Management reboot essential for agentic AI strategy

Management reboot essential for agentic AI strategy

According to research from MIT Sloan Management Review and Boston Consulting Group (BCG), agentic artificial intelligence (AI)-based applications will lead to major management headaches. This is because technology purchases have traditionally been considered either as a substitute or a complement to human workers. Technology automates or augments and so can either be considered as a tool or as a worker.

The fact that agentic AI can act both as a tool and as a coworker breaks down traditional management logic, the authors of The emerging agentic enterprise: how leaders must navigate a new age of AI report warn. The report looks at how organisations now face an unprecedented challenge to manage a single system that demands both human resource approaches and asset management techniques.

For instance, the report points out that IT leaders look for predictable, scalable systems with clear technical specifications. Chief financial executives need investment models with measurable returns and depreciation schedules, while human resources executives require performance management frameworks and supervision protocols. 

Sylvain Duranton, global leader of BCG X, the technology arm of the advisory firm, predicted that more money is likely to be spent on technology than on people. “When you look at the company of the future, it is pretty likely that the relative share of tech cost versus people cost will shift with a higher share allocated to tech costs.”

In the report, BCG and MIT Sloan Management Review warned that existing management principles are incompatible with how agentic AI is being deployed both as a tool and a worker.
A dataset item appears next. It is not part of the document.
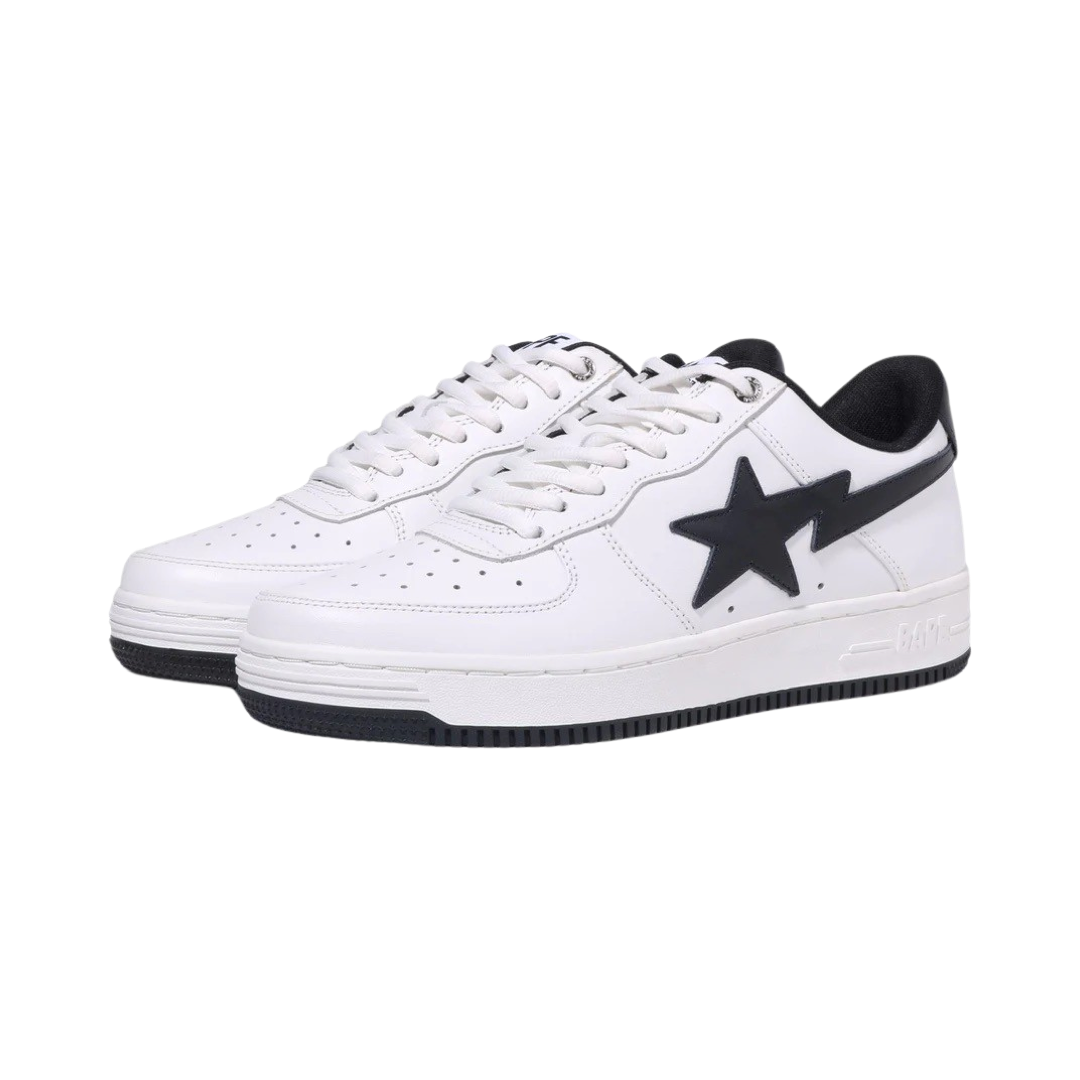 BAPE x JJJJound Bapesta Low Sneakers - White & Navy Leather Casual Shoes for Men | Streetwear Fashion & Urban Lifestyle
While tools scale predictably, workers adapt dynamically. The report’s authors note that agentic AI’s ability to do both simultaneously requires new organisational design principles. 

Duranton noted that people management tends to involve a lot of considerations such as social engineering and negotiations with unions. “The same will come to the relationship with technology providers,” he predicted.

Another management change is that business heads need to assess the right time to invest in agentic systems and how these investments are made. According to BCG and MIT Sloan Management Review, business leaders are faced with balancing long-term capability building with short-term returns.

As the report’s authors point out, traditional tools require large upfront costs but deliver predictable returns through established depreciation schedules. Human workers, on the other hand, are an ongoing variable expense, but, as MIT Sloan Management Review note, their value appreciates with experience and training.

The report warns that agentic AI defies both models, requiring substantial initial development costs and ongoing variable costs, such as training models on new data. While many technology systems require ongoing maintenance, agentic AI systems simultaneously depreciate through model drift while appreciating through fine-tuning and emergent capabilities.

Dutanton urged executives and IT leaders to rethink how they approach supplier relationship management. He said: “I think that it’s high time for many CIOs, and even the CEO and the C-suite, to strategise in terms of managing their portfolio of technology providers because these costs will be increasing over time.”

The fact that agentic AI evolves and develops over time means that value calculations fail since the most valuable applications have yet to be conceived. According to the report’s authors, conventional timing models applying conventional replacement schedules risk rapid value decay as systems fall behind the technological curve. This is because a traditional approach to upgrading the tech does not take into account for the speed of technological evolution.

Even if an AI system is able to deliver efficiencies right from the start, over time this could lead to a wider deployment, which has an impact on operational cost. Dutanton recommended that IT and business executives assess the goal and intention of their technology strategy, as well as the portfolio of IT providers and products they use, to understand how much of the strategy relies on external technology providers, who may dictate the pace of innovation and future costs.